Fun with Fairy Kei uniforms [Midjourney]

Thelsim@sh.itjust.works · 1 year ago

Fun with Fairy Kei uniforms [Midjourney]

tal · edit-2 1 year ago

That first firearm looks better than I normally get in Stable Diffusion, but it’s still a little odd – like, there’s no trigger, for example, and it’s being held as if there’s a pistol grip, but no pistol grip is coming out the bottom of her hand.

One thing that current SD models I’ve played with don’t do well is firearms. I’ve tried dealing with that by specifying particular models of firearms, but same thing. They tend to produce images that combine parts from unrelated firearms that don’t make a lot of sense together. Sometimes pieces are backwards, sometimes they’re in bizarre places.

Lemme do a few montages to demonstrate:

With just “rifle”, I get something that looks a lot like an M-14:

View Full Size

But it’s a mess of multiple magazines, scopes facing backwards, multiple triggers, bipods with missing legs, stocks on both ends, rifles mounted as scopes on other rifles, etc.

I thought that trying to specify a precise firearm model might avoid the problem. A Remington 870 is an extremely-common firearm; there should be a lot of images of it, so hopefully there’s enough training data to do something reasonable with it alone. But it’s still pretty much a mess with “remington 870 shotgun”:

View Full Size

I don’t think that the issue is an inadequate training set size, because there’s plenty of variety in the images. I think that the problem is that there are certain things that the generic algorithms that the LLMs are currently using don’t do terribly well with certain things that humans are particularly-sensitive to looking wrong on. To the LLM, certain things that look very similar look very different to us. Fingers and toes are a famous example. In many images, there’s nothing wrong with adding a few more of something. Have a cornfield, and whether there are five or six rows of similar corn doesn’t matter much. But with a human hand, we care a lot about whether there are five or six fingers.

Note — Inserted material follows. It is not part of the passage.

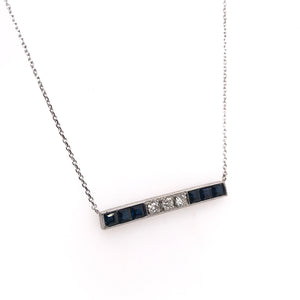 ANTIQUE SAPPHIRE AND DIAMOND PLATINUM BAR NECKLACE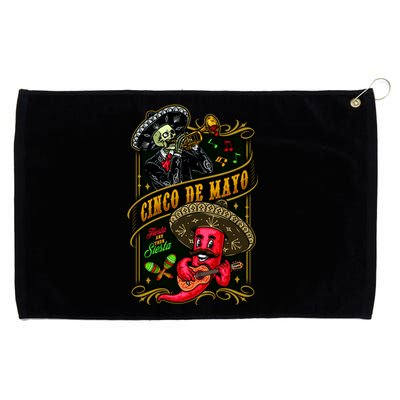 Cinco De Mayo Fiesta And Then Siesta Skeleton Pepper Music Grommeted Golf Towel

Same thing with firearms. Lots of kind of similar-looking portions of objects, but some of them go together in ways that we just don’t like.

Maybe LLMs could incorporate some kind of training on “bad” images, things that are undesirable, and we could flag images with too-many fingers as undesirable.

Problem is, that right now they can generally assume that images out there are good, and nobody wants to manually create a “bad” training corpus, and it’d be a huge amount of work.

Early on, search engines tried figuring out whether their given search results were good by asking users. Users generally didn’t care about spending time to rank search engine results, but IIRC Google realized that one could probably infer some information about whether a result was good or not if a user stopped searching for the thing after they found it. Maybe there’s some way to infer similar information from public LLM services like Midjourney or DALL-E. If so, that could maybe be used to cheaply build a “bad” corpus.

Thelsim@sh.itjust.works · 1 year ago

Oh these were surprisingly accurate yes. But usually I get the same kind of weird results, droopy gun syndrome being one of my favorites :)

I know Midjourney has a rating system on their website and an incentive for you to vote. But I’m not sure what they actually do with that information.

KeenFlame@feddit.nu · 1 year ago

Removed by mod

tal · edit-2 1 year ago

I’d also add that it’s not, I think, just a matter of learning that rifles never have two stocks facing in opposite directions in real life by throwing more training data of good rifles at it. I mean, I recall a very beautiful AI-generated image of a slope of a green hill that was merging into an ocean wave. It was very aesthetically-pleasing. But…it’s not something that would ever happen in real life, or could make sense. That’s the same as with the reverse stocks on a rifle. Yet we like the hill-wave, but dislike the reverse firearm stocks. It’s not clear to me whether there’s a great set of existing information out there that would let a generative AI distinguish between the two classes of image.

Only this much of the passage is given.